Die Serben beispielsweise verlangen für jedes Mobiltelefon und alles, was mehr als 100 Dollar wert ist, eine Deklaration. Was erst werden die Türken, die Syrer und erst die Jordanier sagen? Unser Bus ist perfekt als Happy-Hippie-Travel getarnt, aber eigentlich sind wir ein Undercover-Reporterteam und eine private Hilfslieferung. Womit die Einreise nach Syrien noch illegaler wird, denn um dort journalistisch zu arbeiten, muss man sich bereits bei der Beantragung des Visums einem anderthalbstündigen Interview mit dem Presseattaché in Berlin unterziehen. Wie man zum Herren Präsidenten steht, ob man politische Artikel schreiben möchte, das geht natürlich nur staatskonform und unter Aufsicht.

Leider hatten wir auch nicht mehr genug Geld, Zeit und Nerven, ein „Carnet de Passage“ zu beantragen, welches man normalerweise braucht, um ein motorisiertes Gefährt in die Länder südlich der Türkei einzuführen. Wir nahmen den allerkleinsten Grenzübergang nach Tschechien, Bad Gottleuba, mitten in der Nacht, wir waren die einzigen Reisenden. Leider machte einer unserer beiden ostdeutschen Mitreisenden Probleme. Nicht der Ex-Chrystal (osteuropäische Modedroge, „Turbo-Speed“)-Junkie, ursprünglich Lkw-Mechaniker, jetzt Kameramann, wurde rausgebeten. Sondern der Leipziger Theaterschreiber, der dringend den dritten Akt seines neuen Stücks zu Ende schreiben will und 130 Euro Rest-Hartz-IV mit ungeklärter Restfinanzierung für die kommenden acht Wochen dabei hat.

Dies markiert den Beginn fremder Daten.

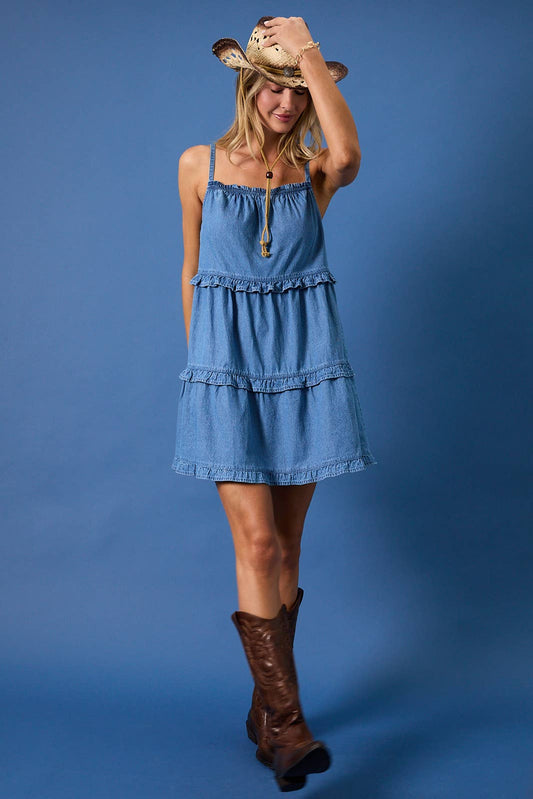 Sunday Edition by LE LIS sleeveless light blue denim mini dress with tiered ruffle detail, worn with brown boots and straw hat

„Den!“, forderte der Bundesgrenzschutzbeamte, „Herrn K. hätten wir mal gerne, gegen Sie liegt Haftbefehl vor. Wir fordern mal Ihren Vorgang an. Solange können Sie uns schon mal ihr Gepäck zeigen …“ Dope-Beutel verschwanden in Unterhosen, Blättchen wurden in irgendwelche Bus-Rillen gesteckt und der Ex-Junkie zerlegte seine riesige Bong schnell in ihre Einzelteile. Zum Glück kam das Fax mit der Erklärung für den Haftbefehl schnell: Der Herr K. hatte vor zwei Jahren schlimmen Liebeskummer. Er betrank sich auf 2,2 Promille und fuhr dann mit dem Fahrrad in Straßenbahnschienen, stürzte brutal, brach sich den Kiefer, bekam den Führerschein entzogen und sollte 500 Euro Strafe zahlen, was er aber nicht tat. Der Araber, im Ramadan noch menschenfreundlicher als sonst, kaufte Herrn K. frei.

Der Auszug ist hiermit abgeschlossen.